La somme de ces forces intermédiaires est ce que Philon nomme le Logos ou la Raison divine agissante, la Sagesse divine, l’Esprit de Dieu, la Cause des causes. Pour Philon, plus poète que philosophe, le Logos est le premier-né de Dieu, placé sur la limite de l’infini et du fini, les reliant et les séparant tout ensemble. II n’est ni incréé comme Dieu, ni créé comme les êtres finis.
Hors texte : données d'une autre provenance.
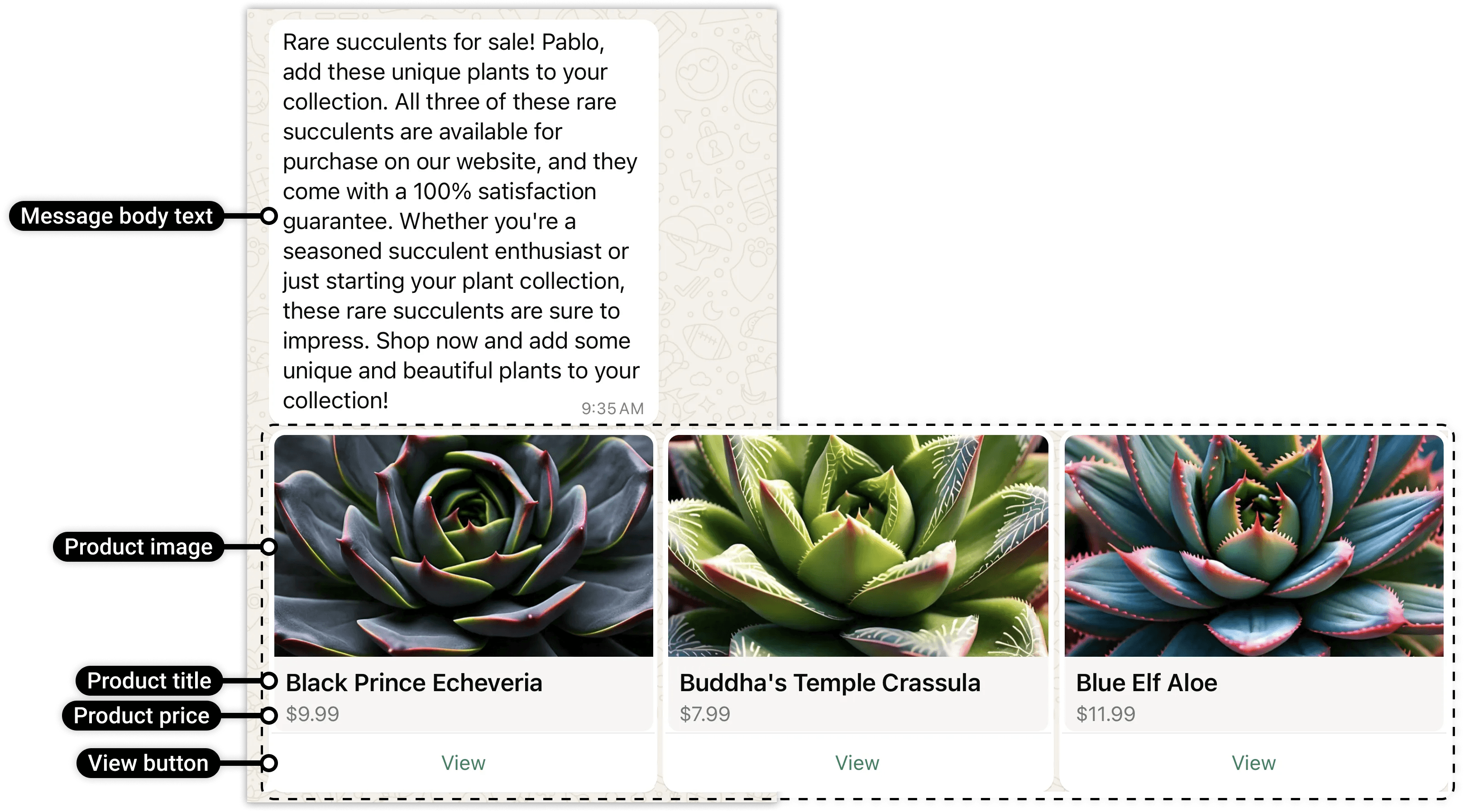 A carousel card using an SPM View button that opens product details in chat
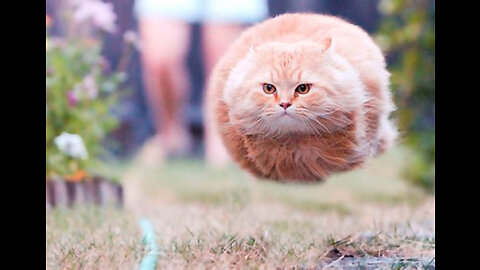 Aww So Cute Cats Best Funny Cat Videos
Le Logos est le prototype de l’univers, le représentant de Dieu, qui transmet ses ordres au monde ; l’interprète qui lui signifie ses volontés, l’exécuteur qui les fait obéir, l’archange intermédiaire des manifestations divines, le grand prêtre qui intercède pour le monde auprès de Dieu.

Cette conception obscure et nuageuse du Logos fut adoptée et utilisée par le christianisme naissant, qui voulait se donner un vernis philosophique et ne fit que rendre l’obscurité plus épaisse encore. Sans l’avoir prémédité, sans se douter même de l’avènement du christianisme, Philon l’égara et lui fit prendre un feu follet pour le soleil.

Du reste, plus qu’aucun de ses devanciers, l’illustre philosophe d’Alexandrie porta de rudes coups au paganisme abject et corrompu de la Grèce et de Rome. Toutes ses réflexions sur les lois judaïques n’ont d’autre but, au fond, que d’en faire contraster la pure lumière avec les taches de l’idolâtrie, avec les dévergondages de la chair, les croyances vides et vermoulues du monde gréco-romain. Toutefois Philon n’en jugea pas moins nécessaire de défendre le judaïsme contre les accusations mensongères dont il était l’objet et d’en démontrer la grandeur par le simple exposé des faits. Ses principaux écrits furent composés avant tout pour ses coreligionnaires ; mais il voulait aussi que sa voix portât au delà de la Synagogue.